Big let down. It says that I have 8 whole profile views, or whatever. I think it's counting how many times I've looked at my own profile. True life: I'm pathetic.

ALSO: Just cruising along, hitting the "next blog" button. All the sudden the blogs are in other languages. Bitch, I just want to find people who post stupid stuff that makes me laugh. Contrary to popular belief, I cannot read, and other languages for that matter. Figure out your life, blogging world.

Saturday, August 20, 2011

Let me just start by...

...telling each and every one of you (God knows how many fans I have that will read this...) (Fact: The only person that I KNOW will read this is my future husband, Mr. Jarrod Anderson. It's fine.) that this blog WILL NOT be kept up regularly by any means. Haha. What the heck am I doing? I kind of wish that I could see what my actual typing looked like, like with my cool background and text and text color and all that stuff that I just wasted time perfecting.

Ok here's the thing. I just spent like, 20 minutes (I limited myself) picking out text colors and background colors for this stupid blog. I would spend more time, but I'm a perfectionist so that would just get painful. Oh goodness, look! IT'S SAVING THIS THING AS A DRAFT! How neat. Well, I guess I don't really know what to say... So I'll just start talking.

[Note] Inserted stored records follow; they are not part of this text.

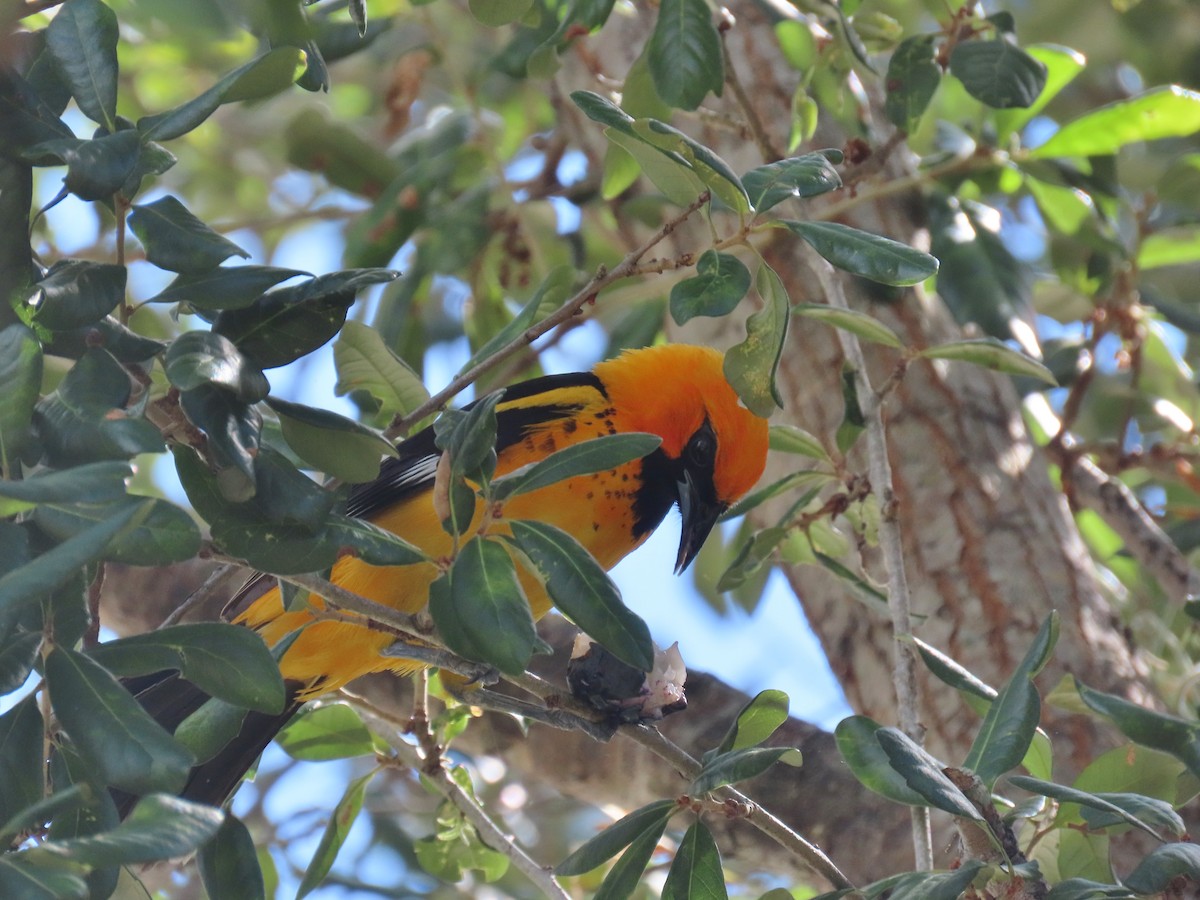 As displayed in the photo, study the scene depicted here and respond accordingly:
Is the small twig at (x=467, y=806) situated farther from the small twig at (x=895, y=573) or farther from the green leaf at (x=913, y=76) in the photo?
the green leaf at (x=913, y=76)

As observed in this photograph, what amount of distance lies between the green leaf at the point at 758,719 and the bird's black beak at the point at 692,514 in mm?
1228

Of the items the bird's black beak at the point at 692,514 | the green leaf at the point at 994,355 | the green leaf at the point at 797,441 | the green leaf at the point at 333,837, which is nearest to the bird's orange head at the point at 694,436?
the bird's black beak at the point at 692,514

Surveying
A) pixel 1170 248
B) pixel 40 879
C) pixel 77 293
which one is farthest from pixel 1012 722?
pixel 1170 248

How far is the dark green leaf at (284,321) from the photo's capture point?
6.32ft

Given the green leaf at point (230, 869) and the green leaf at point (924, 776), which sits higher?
the green leaf at point (924, 776)

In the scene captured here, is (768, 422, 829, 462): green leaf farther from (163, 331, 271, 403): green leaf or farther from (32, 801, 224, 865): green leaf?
(32, 801, 224, 865): green leaf

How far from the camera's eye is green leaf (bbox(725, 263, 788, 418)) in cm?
214

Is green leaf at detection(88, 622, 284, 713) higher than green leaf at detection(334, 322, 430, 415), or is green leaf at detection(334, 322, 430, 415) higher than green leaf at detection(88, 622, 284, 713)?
green leaf at detection(334, 322, 430, 415)

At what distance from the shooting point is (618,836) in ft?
7.12

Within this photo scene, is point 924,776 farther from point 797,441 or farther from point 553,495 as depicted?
point 553,495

Today, I spent too much time shopping for my apartment (that is on campus, and I don't wanna talk about it) trying to find deals (hi, I'm from Minnesota) at various stores around town. I did waaaaay to much math, and I'm beat. And to be honest, I'm not super excited to go back to school. I mean, there's nothing left for me here at home, but I'm not ready to face La Crosse yet, even though I'm ready for another school year. A year ago, I was sitting, probably in this exact spot, in my kitchen, on my 'puter. And here I am, once again. All alone in this too big small city.

I came to a sad realization as I sat silently on the car ride home with my mother this evening. I have thought about how this may very well be my last summer at home for the last three months, but it really hit me today. I won't live here again. My best, dearest, lovliest, trustworthiest, lovable friends probably won't live here again. We will live our lives, have our various experiences, take our greatest opportunities, and at the end of our college careers, however long they may be, we will find our odd end jobs, in Anywhere, America. (Or any other country, I guess.) I won't be able to hop in my car and drive across town, picking up a Grande Caramel Frappe and a Grande Java Chip Frappe at Starbucks along the way, to my best friends house just because we haven't seen each other in three whole days and have sooooo much to catch up on. As I approach my sophomore year of college, I can't help but wonder if I will ever find friends as special as the few from home that I chose to spend every spare moment with.

Where is my life going? What am I doing? I know what I want, absolutely. But it's going to be one hell of a journey to get there. That's about how I feel. Sorry that got a little sappy. Whatever. Here's a funny story though.

Setting: Granite City with my parents for dinner. So we're just sitting there, and in walk four people, two men and two women. Clearly a married couple and a set of one of their parents. The chick, daughter in law, wife, whatever had painted on eyebrows. They were so bad. I tweeted about them too. I may or may not have nightmares about these eyebrows....ugh. So gross. And then, like a half an hour after they sat down, THAT'S when I realized that the young couple was married. I turned to my mom and I said "Oh shit! They're married! He's stuck with those eyebrows!" She looked like a cartoon character. This is getting mean. Done.

Hope this was a good first blog for everyone involved, mostly me..and Jarrod. And maybe the stuffed, yellow bear sitting to my right.

Peace out. This reminds me of xanga. Look at my life, look at my choices.